┌──
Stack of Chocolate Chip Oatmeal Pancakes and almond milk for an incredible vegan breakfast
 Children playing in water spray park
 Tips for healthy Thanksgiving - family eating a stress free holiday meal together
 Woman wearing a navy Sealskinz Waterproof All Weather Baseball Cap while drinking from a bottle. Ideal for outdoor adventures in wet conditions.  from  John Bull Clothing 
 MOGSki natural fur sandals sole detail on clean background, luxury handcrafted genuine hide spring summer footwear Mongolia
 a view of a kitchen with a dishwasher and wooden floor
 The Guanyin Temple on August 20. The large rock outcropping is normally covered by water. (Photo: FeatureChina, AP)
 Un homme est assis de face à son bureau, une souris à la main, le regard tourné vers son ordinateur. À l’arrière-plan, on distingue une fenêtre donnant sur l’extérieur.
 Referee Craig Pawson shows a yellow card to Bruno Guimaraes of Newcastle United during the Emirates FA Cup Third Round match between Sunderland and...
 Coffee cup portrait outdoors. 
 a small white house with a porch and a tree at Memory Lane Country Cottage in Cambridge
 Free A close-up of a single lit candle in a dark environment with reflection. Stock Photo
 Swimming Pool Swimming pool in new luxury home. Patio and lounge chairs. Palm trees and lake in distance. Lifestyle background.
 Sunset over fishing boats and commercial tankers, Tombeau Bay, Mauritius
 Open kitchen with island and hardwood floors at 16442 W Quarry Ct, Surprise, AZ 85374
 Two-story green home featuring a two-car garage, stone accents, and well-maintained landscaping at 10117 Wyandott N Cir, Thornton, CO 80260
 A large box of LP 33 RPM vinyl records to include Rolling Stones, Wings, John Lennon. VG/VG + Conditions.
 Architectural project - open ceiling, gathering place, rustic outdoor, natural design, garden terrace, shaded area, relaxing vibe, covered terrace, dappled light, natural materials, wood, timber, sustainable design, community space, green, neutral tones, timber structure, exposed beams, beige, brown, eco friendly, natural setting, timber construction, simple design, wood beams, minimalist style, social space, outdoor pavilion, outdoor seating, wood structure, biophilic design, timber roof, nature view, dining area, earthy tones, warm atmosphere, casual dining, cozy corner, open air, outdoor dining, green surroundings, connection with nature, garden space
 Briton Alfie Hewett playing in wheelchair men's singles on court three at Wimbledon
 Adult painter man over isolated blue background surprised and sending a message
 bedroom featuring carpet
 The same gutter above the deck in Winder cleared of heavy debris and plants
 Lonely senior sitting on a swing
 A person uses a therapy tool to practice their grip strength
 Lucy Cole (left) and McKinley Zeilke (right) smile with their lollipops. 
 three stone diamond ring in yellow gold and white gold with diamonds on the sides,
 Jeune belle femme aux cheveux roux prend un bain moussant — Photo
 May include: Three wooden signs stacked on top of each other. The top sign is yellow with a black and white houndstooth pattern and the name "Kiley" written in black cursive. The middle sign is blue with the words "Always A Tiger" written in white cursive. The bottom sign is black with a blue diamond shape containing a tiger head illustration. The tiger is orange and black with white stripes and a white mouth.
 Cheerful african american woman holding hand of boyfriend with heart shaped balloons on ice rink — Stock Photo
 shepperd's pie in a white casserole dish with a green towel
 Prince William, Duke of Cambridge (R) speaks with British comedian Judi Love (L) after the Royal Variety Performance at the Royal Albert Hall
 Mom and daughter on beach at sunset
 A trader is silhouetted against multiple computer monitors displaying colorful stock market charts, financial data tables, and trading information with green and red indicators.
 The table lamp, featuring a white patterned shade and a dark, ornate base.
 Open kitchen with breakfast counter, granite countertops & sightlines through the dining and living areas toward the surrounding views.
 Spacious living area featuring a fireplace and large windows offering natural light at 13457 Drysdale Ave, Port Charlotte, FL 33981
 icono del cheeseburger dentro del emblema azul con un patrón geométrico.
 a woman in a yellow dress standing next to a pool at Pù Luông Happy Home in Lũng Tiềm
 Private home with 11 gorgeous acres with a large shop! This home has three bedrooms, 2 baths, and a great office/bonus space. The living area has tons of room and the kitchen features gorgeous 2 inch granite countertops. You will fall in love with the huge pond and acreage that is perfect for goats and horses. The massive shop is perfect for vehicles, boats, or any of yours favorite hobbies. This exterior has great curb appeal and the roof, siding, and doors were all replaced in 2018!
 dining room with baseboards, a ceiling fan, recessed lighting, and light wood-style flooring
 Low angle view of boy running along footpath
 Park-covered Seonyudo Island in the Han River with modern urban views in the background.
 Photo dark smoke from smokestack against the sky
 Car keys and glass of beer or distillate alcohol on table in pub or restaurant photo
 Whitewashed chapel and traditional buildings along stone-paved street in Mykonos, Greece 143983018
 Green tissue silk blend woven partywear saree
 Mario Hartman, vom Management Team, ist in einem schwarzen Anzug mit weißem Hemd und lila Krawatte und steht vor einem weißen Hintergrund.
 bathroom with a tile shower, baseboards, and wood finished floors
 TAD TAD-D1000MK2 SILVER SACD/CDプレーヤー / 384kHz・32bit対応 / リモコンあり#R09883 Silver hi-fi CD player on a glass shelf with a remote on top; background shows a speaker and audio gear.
└──
A complete, exact repeat of the records is the required answer.

Stack of Chocolate Chip Oatmeal Pancakes and almond milk for an incredible vegan breakfast
 Children playing in water spray park
 Tips for healthy Thanksgiving - family eating a stress free holiday meal together
 Woman wearing a navy Sealskinz Waterproof All Weather Baseball Cap while drinking from a bottle. Ideal for outdoor adventures in wet conditions.  from  John Bull Clothing 
 MOGSki natural fur sandals sole detail on clean background, luxury handcrafted genuine hide spring summer footwear Mongolia
 a view of a kitchen with a dishwasher and wooden floor
 The Guanyin Temple on August 20. The large rock outcropping is normally covered by water. (Photo: FeatureChina, AP)
 Un homme est assis de face à son bureau, une souris à la main, le regard tourné vers son ordinateur. À l’arrière-plan, on distingue une fenêtre donnant sur l’extérieur.
 Referee Craig Pawson shows a yellow card to Bruno Guimaraes of Newcastle United during the Emirates FA Cup Third Round match between Sunderland and...
 Coffee cup portrait outdoors. 
 a small white house with a porch and a tree at Memory Lane Country Cottage in Cambridge
 Free A close-up of a single lit candle in a dark environment with reflection. Stock Photo
 Swimming Pool Swimming pool in new luxury home. Patio and lounge chairs. Palm trees and lake in distance. Lifestyle background.
 Sunset over fishing boats and commercial tankers, Tombeau Bay, Mauritius
 Open kitchen with island and hardwood floors at 16442 W Quarry Ct, Surprise, AZ 85374
 Two-story green home featuring a two-car garage, stone accents, and well-maintained landscaping at 10117 Wyandott N Cir, Thornton, CO 80260
 A large box of LP 33 RPM vinyl records to include Rolling Stones, Wings, John Lennon. VG/VG + Conditions.
 Architectural project - open ceiling, gathering place, rustic outdoor, natural design, garden terrace, shaded area, relaxing vibe, covered terrace, dappled light, natural materials, wood, timber, sustainable design, community space, green, neutral tones, timber structure, exposed beams, beige, brown, eco friendly, natural setting, timber construction, simple design, wood beams, minimalist style, social space, outdoor pavilion, outdoor seating, wood structure, biophilic design, timber roof, nature view, dining area, earthy tones, warm atmosphere, casual dining, cozy corner, open air, outdoor dining, green surroundings, connection with nature, garden space
 Briton Alfie Hewett playing in wheelchair men's singles on court three at Wimbledon
 Adult painter man over isolated blue background surprised and sending a message
 bedroom featuring carpet
 The same gutter above the deck in Winder cleared of heavy debris and plants
 Lonely senior sitting on a swing
 A person uses a therapy tool to practice their grip strength
 Lucy Cole (left) and McKinley Zeilke (right) smile with their lollipops. 
 three stone diamond ring in yellow gold and white gold with diamonds on the sides,
 Jeune belle femme aux cheveux roux prend un bain moussant — Photo
 May include: Three wooden signs stacked on top of each other. The top sign is yellow with a black and white houndstooth pattern and the name "Kiley" written in black cursive. The middle sign is blue with the words "Always A Tiger" written in white cursive. The bottom sign is black with a blue diamond shape containing a tiger head illustration. The tiger is orange and black with white stripes and a white mouth.
 Cheerful african american woman holding hand of boyfriend with heart shaped balloons on ice rink — Stock Photo
 shepperd's pie in a white casserole dish with a green towel
 Prince William, Duke of Cambridge (R) speaks with British comedian Judi Love (L) after the Royal Variety Performance at the Royal Albert Hall
 Mom and daughter on beach at sunset
 A trader is silhouetted against multiple computer monitors displaying colorful stock market charts, financial data tables, and trading information with green and red indicators.
 The table lamp, featuring a white patterned shade and a dark, ornate base.
 Open kitchen with breakfast counter, granite countertops & sightlines through the dining and living areas toward the surrounding views.
 Spacious living area featuring a fireplace and large windows offering natural light at 13457 Drysdale Ave, Port Charlotte, FL 33981
 icono del cheeseburger dentro del emblema azul con un patrón geométrico.
 a woman in a yellow dress standing next to a pool at Pù Luông Happy Home in Lũng Tiềm
 Private home with 11 gorgeous acres with a large shop! This home has three bedrooms, 2 baths, and a great office/bonus space. The living area has tons of room and the kitchen features gorgeous 2 inch granite countertops. You will fall in love with the huge pond and acreage that is perfect for goats and horses. The massive shop is perfect for vehicles, boats, or any of yours favorite hobbies. This exterior has great curb appeal and the roof, siding, and doors were all replaced in 2018!
 dining room with baseboards, a ceiling fan, recessed lighting, and light wood-style flooring
 Low angle view of boy running along footpath
 Park-covered Seonyudo Island in the Han River with modern urban views in the background.
 Photo dark smoke from smokestack against the sky
 Car keys and glass of beer or distillate alcohol on table in pub or restaurant photo
 Whitewashed chapel and traditional buildings along stone-paved street in Mykonos, Greece 143983018
 Green tissue silk blend woven partywear saree
 Mario Hartman, vom Management Team, ist in einem schwarzen Anzug mit weißem Hemd und lila Krawatte und steht vor einem weißen Hintergrund.
 bathroom with a tile shower, baseboards, and wood finished floors
 TAD TAD-D1000MK2 SILVER SACD/CDプレーヤー / 384kHz・32bit対応 / リモコンあり#R09883 Silver hi-fi CD player on a glass shelf with a remote on top; background shows a speaker and audio gear.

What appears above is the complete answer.